Project Bella

Project Joundoom

Although I was eager to look into some of the reinforcement learning methods I had identified last week, such as Q-learning and SARSA, I figured it would be best to first identify what machine learning tools are currently available in Unity, and how powerful they are. I quickly found the Unity ML-Agents Toolkit, a plugin first released in September of 2017. Since then, it has been frequently updated, which I realized only after starting several usage tutorials and finding that my version of ML-Agents had none of the components the instructor was talking about. The most recent tutorial to date shows you how to create an intelligent penguin that retrieves fish for its baby, and although it, too, was created with an earlier version of the plugin, the instructor was kind enough to post an accompanying page with all the necessary changes for later versions.

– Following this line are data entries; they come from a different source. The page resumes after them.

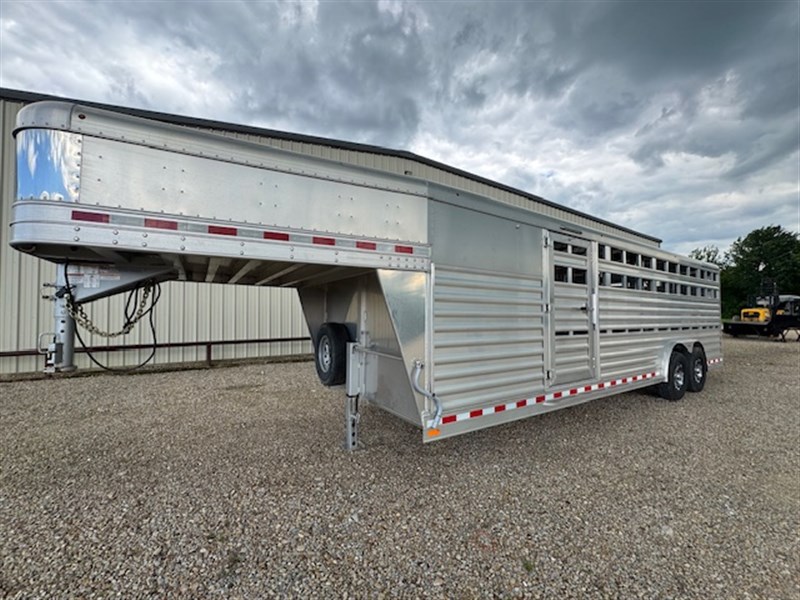 2022 Elite Elite 7" x 24' Custom Livestock Show Trailer 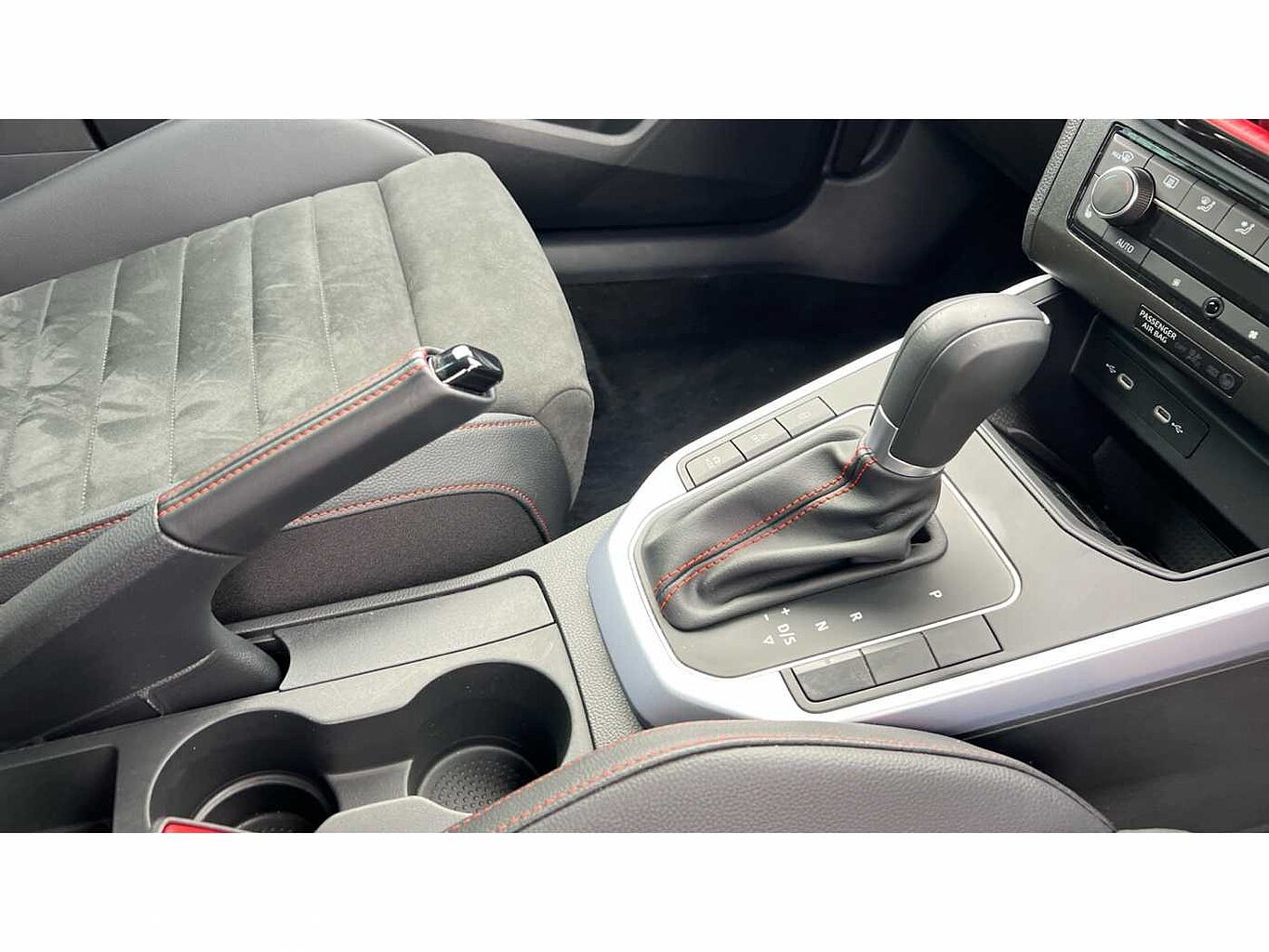 SEAT Arona 1.0 TSI 115 FR Sport 5dr DSG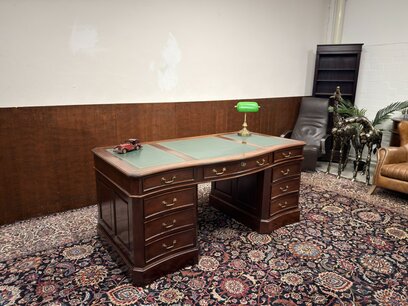 Klassischer Englischer Chesterfield Partnerdesk Schreibtisch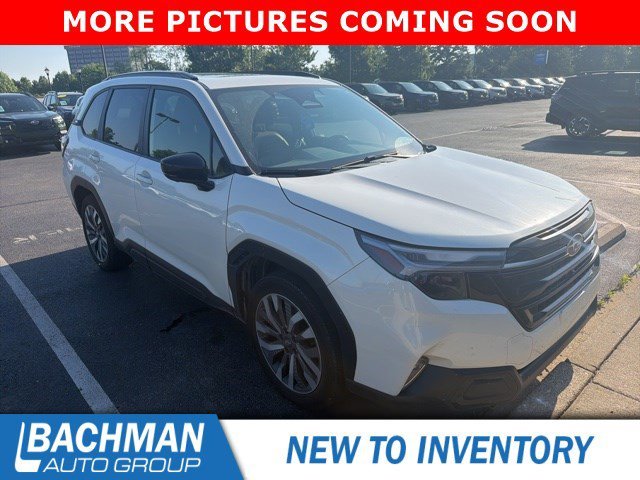 2025 Subaru Forester Touring's photo
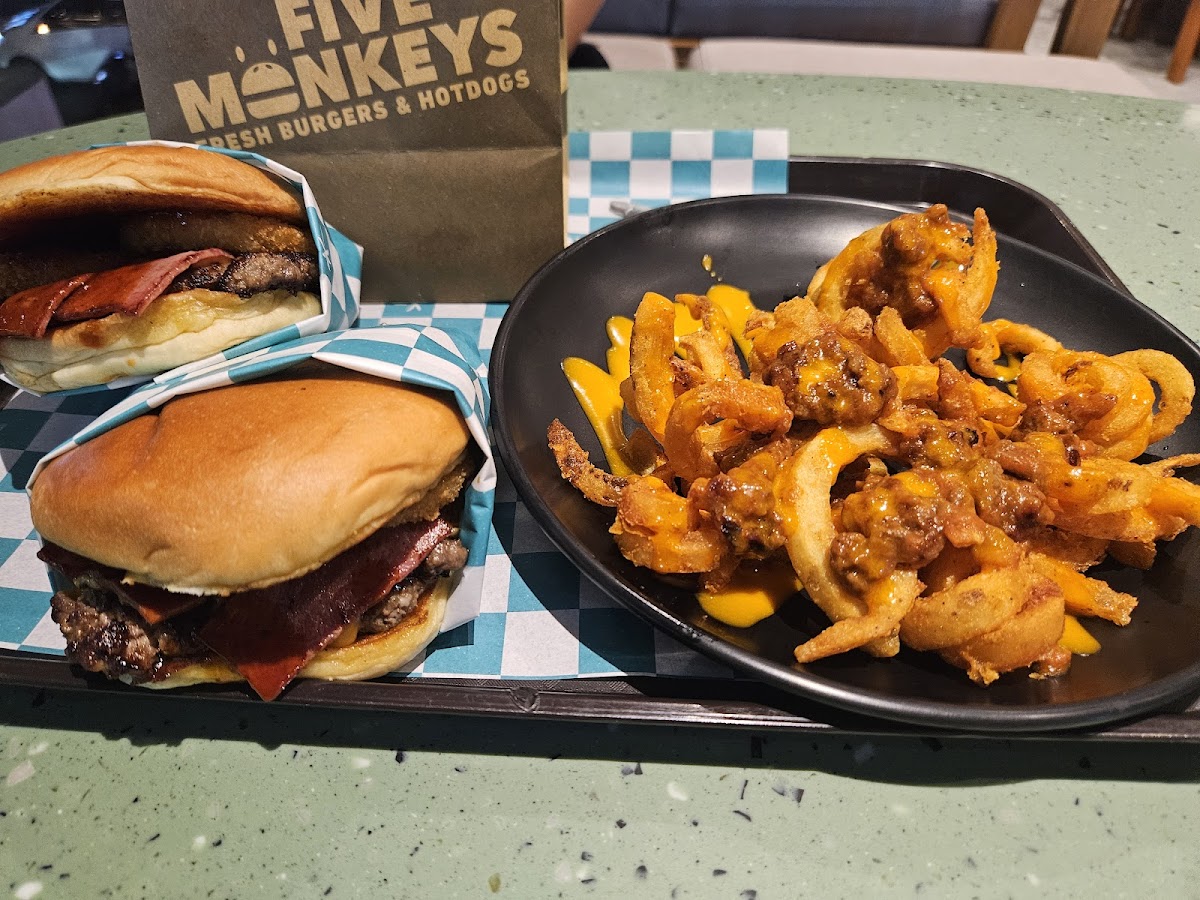 Five Monkeys Burger - Kuta Photos 2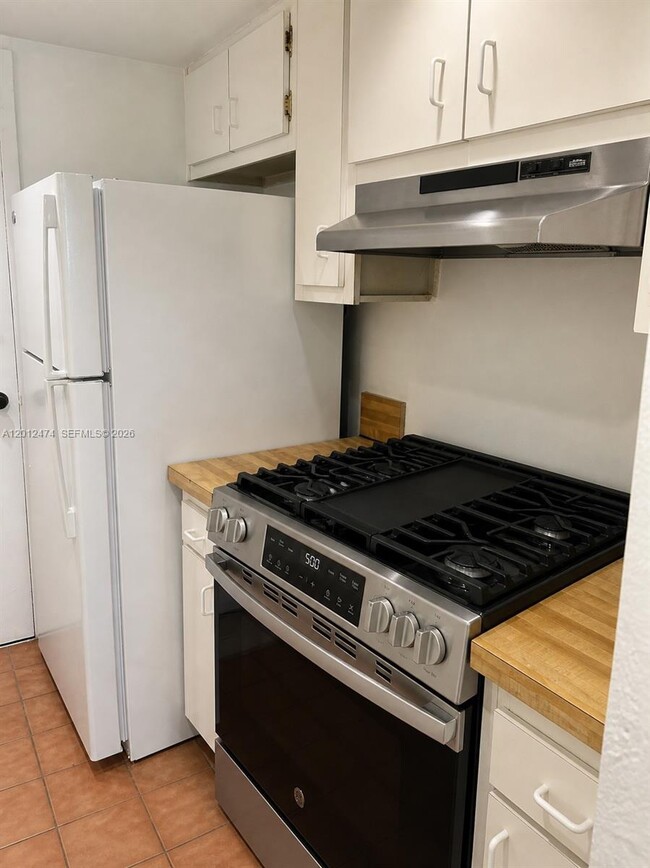 Building Photo - 1205 Mariposa Ave Unit 431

ML-Agents is easy to set up and get started. For whatever environment you set up, you will require an agent that does the learning, and an academy that I presume manages the learning (since the tutorials don't expand much on the academy, I have yet to fully understand it). The penguin learning environment consists of an icy slab and a shallow pool of water with a few fish. The penguin mother, whom I believe I have aptly named Joundoom[1], goes back and forth between the slab and the water, collecting fish and regurgitating them in front of its baby, perched safely on the slab in wait.

Joundoom was trained using the Proximal Policy Optimization (PPO) learning algorithm. Her brain is a two-layer neural network with 256 hidden units. After ten minutes of attempted motherhood, here are some of her best moments.

  • About a minute into training:
    Truly one of nature's greatest
  • A brief moment in which she asked herself who should really be swimming with the fishes:
    I would lose it too after 35,000 attempts at feeding an incompetent child

The tutorial recommends training for 6 million iterations, but my computer began to protest after a measly 50,000. In the coming weeks, I plan on figuring out whether or not I can continue training from a previous model, and exploring more of ML-Agents. I'd like to try training an agent using Soft-Actor Critic (SAC), another learning algorithm that ML-Agents uses for reinforcement learning which can be more sample-efficient than PPO. I have not been disappointed with ML-Agents so far, and I expect it to become a central tool in my project this semester.

  1. [1] Joundoom is the name I gave my first Club Penguin avatar after my friend convinced me that the name of my favorite pokemon, Houndoom, was in fact spelled with a 'J'.